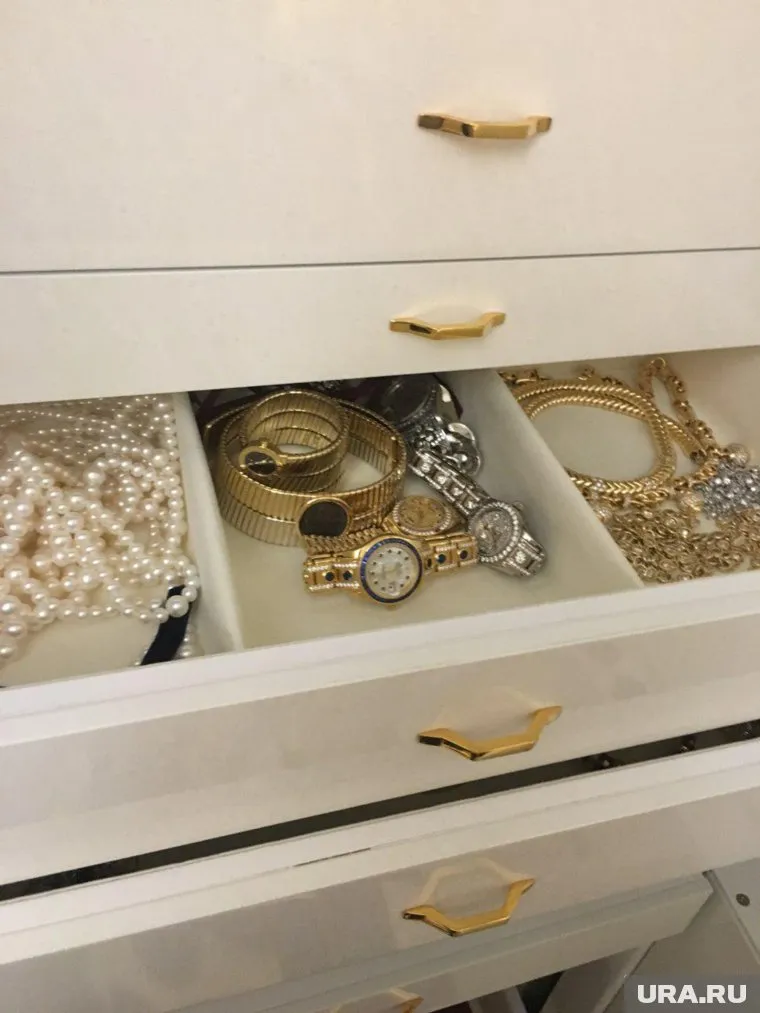 Один из фигурантов дела о хищении в Эрмитаже очень любит золото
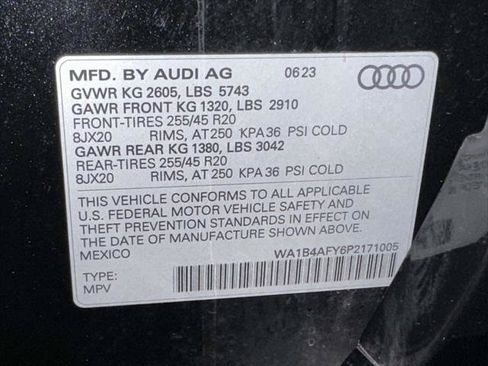 Used 2023 Audi SQ5 Premium Plus w/ Premium Plus Package AWD/4WD image 39
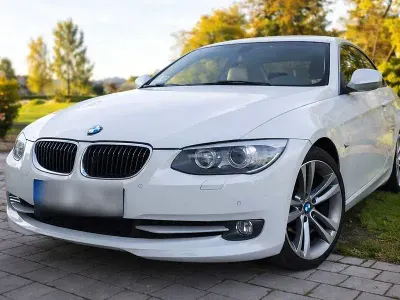 Gebraucht BMW 330 Exclusive 245 PS (180 kW) 2013 Weiß Coupé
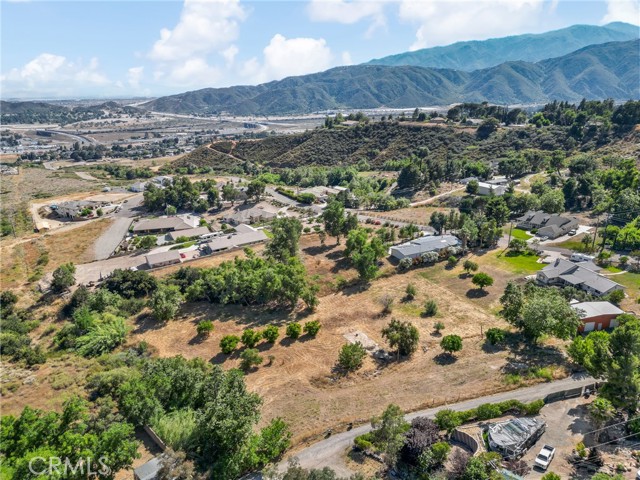 0 Deercrest Drive, Devore CA: https://media.crmls.org/medias/035d449f-a392-4e4a-8cb9-0023ef5af006.jpg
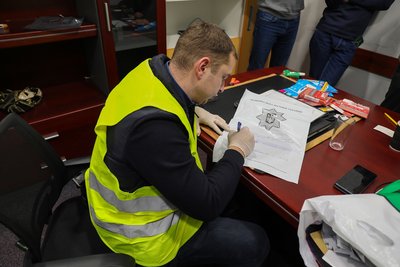У Києві поліція викрила мережу будинків розпусти. Організаторкам повідомили про підозру У Києві поліція викрила мережу будинків розпусти. Організаторкам повідомили про підозру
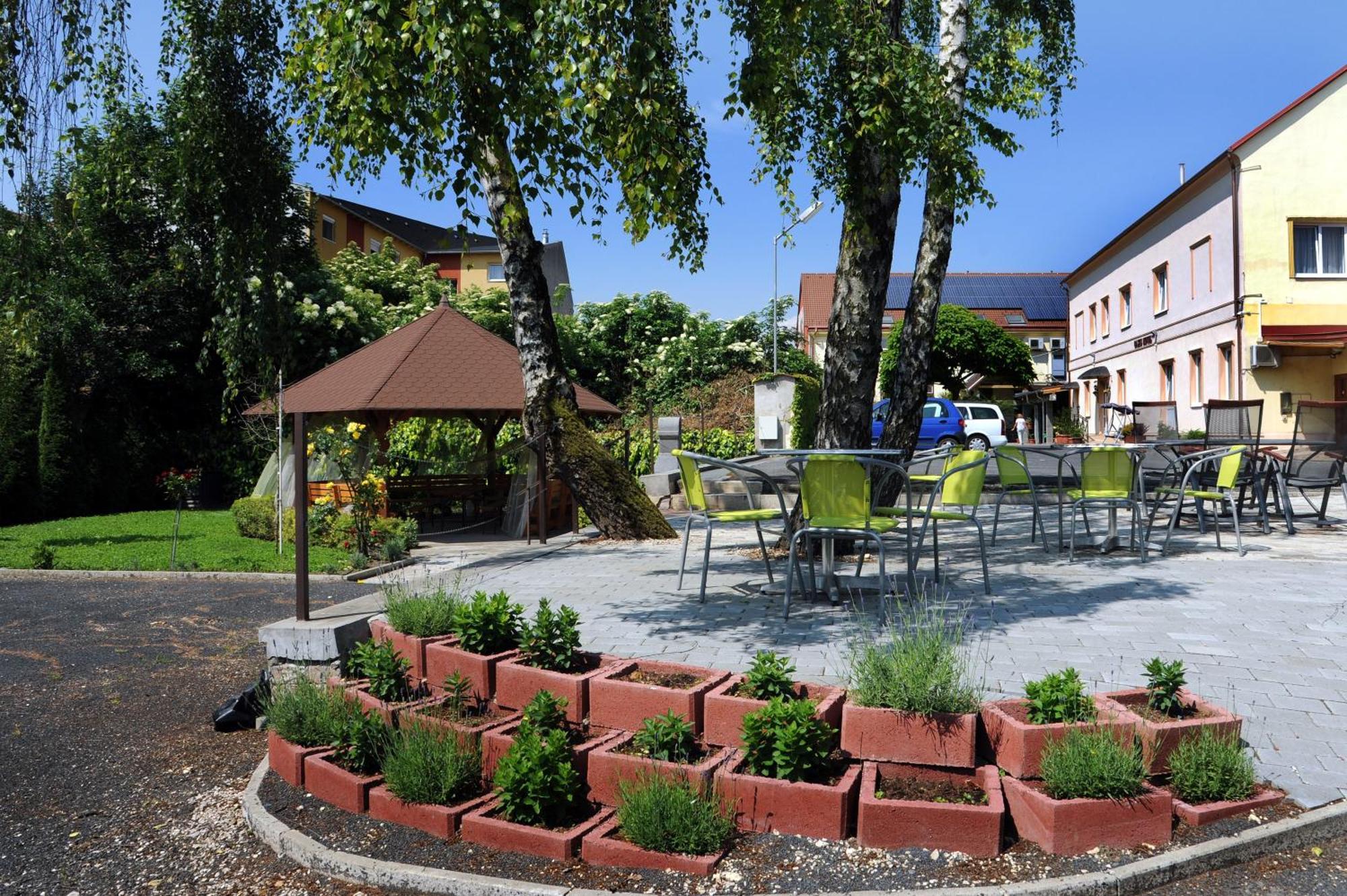 Oazis Hotel*** Nagykanizsa Exterior foto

TASK OBJECTIVE: Each line of the data should be quoted exactly, with pictures left out.

SOLVED PROBLEM:
 Один из фигурантов дела о хищении в Эрмитаже очень любит золото
 Used 2023 Audi SQ5 Premium Plus w/ Premium Plus Package AWD/4WD image 39
 Gebraucht BMW 330 Exclusive 245 PS (180 kW) 2013 Weiß Coupé
 0 Deercrest Drive, Devore CA: https://media.crmls.org/medias/035d449f-a392-4e4a-8cb9-0023ef5af006.jpg
У Києві поліція викрила мережу будинків розпусти. Організаторкам повідомили про підозру У Києві поліція викрила мережу будинків розпусти. Організаторкам повідомили про підозру
 Oazis Hotel*** Nagykanizsa Exterior foto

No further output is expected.